RFID antennas emit RF waves either horizontally or vertically, which is defined as the antenna's polarization. If the RF field lies on a horizontal plane, it is described as horizontally linear polarization. Similarly, if the RF field lies on a vertical plane, it is referred to as vertically linear polarization.
The working principle of an RFID antenna is based on wireless communication technology, enabling the wireless reading and writing of information stored in tags by transmitting and receiving electromagnetic signals. The process can be explained in the following aspects:
1. Signal Transmission and Reception
The RFID antenna is responsible for transmitting and receiving radio frequency (RF) carrier signals. Once the operating frequency and bandwidth are defined, the antenna emits RF carrier waves generated by the RF processing module and receives the RF signals emitted or reflected by the tags. These RF signals form the foundation of wireless identification and data exchange within an RFID system.
2. Electromagnetic Energy Conversion
Passive RFID tags do not have internal power sources like batteries, so they rely on the electromagnetic waves sent by the reader to obtain the energy needed to activate their circuits. When the antenna receives the electromagnetic signals transmitted by the reader, it uses an inductive coil and resonant circuit to convert the electromagnetic waves into alternating current, providing power to the circuits within the tag.
3. Information Transmission and Processing
Once the RFID tag obtains sufficient energy and is activated, its internal circuits read or write information stored in the tag’s chip. This information is transmitted back to the reader via RF signals through the tag's antenna. The reader’s receiving antenna captures the signals from the tag, and the signal processing module demodulates and decodes the information, sending the useful data to the backend system for further processing.
4. Electromagnetic Field Functionality
The RFID antenna creates an electromagnetic field between the reader and the tag, which is essential for enabling wireless identification and data exchange. When an RFID tag enters the reader's active working zone, the tag’s antenna induces a current from the electromagnetic field, generating the necessary power for its circuits. At the same time, the tag antenna uses the electromagnetic field to send the stored information in the tag back to the reader as RF signals.
This combination of electromagnetic field generation, energy conversion, and signal processing ensures effective communication and functionality within an RFID system.

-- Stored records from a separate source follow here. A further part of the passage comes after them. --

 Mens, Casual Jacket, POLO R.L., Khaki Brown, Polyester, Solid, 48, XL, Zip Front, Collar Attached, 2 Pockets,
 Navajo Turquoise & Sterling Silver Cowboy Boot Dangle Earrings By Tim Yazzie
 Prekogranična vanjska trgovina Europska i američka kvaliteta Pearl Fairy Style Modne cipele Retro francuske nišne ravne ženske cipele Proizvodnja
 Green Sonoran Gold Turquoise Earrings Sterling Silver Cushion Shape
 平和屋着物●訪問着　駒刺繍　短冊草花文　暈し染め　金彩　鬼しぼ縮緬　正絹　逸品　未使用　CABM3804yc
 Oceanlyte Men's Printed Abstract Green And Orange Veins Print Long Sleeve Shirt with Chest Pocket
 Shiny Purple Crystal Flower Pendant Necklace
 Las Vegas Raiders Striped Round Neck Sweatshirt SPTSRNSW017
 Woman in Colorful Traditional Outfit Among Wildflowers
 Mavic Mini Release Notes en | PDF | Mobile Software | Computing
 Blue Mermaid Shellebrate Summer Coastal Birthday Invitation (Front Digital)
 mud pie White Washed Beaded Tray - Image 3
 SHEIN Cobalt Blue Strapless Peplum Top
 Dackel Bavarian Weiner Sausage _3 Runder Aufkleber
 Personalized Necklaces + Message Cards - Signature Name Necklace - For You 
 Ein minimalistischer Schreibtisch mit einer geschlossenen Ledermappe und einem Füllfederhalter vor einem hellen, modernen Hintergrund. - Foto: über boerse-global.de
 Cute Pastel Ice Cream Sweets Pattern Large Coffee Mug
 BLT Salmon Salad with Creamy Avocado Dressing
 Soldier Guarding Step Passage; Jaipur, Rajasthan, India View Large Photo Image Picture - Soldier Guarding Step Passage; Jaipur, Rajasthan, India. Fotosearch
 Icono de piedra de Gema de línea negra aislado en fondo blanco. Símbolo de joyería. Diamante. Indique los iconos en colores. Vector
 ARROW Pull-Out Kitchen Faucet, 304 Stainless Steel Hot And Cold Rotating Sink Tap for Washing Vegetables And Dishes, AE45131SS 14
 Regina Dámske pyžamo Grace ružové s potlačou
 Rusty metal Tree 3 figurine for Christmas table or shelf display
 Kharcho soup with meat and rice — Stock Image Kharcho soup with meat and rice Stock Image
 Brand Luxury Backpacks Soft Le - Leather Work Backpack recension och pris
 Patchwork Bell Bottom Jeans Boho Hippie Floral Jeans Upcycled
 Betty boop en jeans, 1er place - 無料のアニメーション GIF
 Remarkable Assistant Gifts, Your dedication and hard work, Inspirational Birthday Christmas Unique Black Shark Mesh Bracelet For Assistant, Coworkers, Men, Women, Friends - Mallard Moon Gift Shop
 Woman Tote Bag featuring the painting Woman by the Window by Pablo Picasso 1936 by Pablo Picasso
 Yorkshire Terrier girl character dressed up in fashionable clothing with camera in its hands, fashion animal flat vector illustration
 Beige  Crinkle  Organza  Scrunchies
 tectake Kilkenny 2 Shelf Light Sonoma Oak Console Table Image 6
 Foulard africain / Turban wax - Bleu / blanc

The polarization method of the RFID antenna determines the propagation direction of the RF signal. There are mainly the following two kinds:
1. Linearly polarized antenna
RF signals emitted by linearly polarized antennas propagate along a fixed direction, which can be a horizontal or vertical polarized wave. This type of antenna is characterized by concentrated signals and a longer reading range, but it needs to be aligned with the polarization direction of the RFID tag to obtain the best reading results.
Applicable scenarios: suitable for RFID tag direction fixed scenarios, such as conveyor belt on the items read.
2. Circularly polarized antenna
Circularly polarized antennas rotate the RF signal between horizontal and vertical directions as it propagates. Although its signal range is slightly smaller than that of a linearly polarized antenna, it is able to read RFID tags in a variety of directions, providing more flexibility.
Scenarios: Suitable for scenarios where tag orientation is not fixed, such as retail, warehousing or inventory management.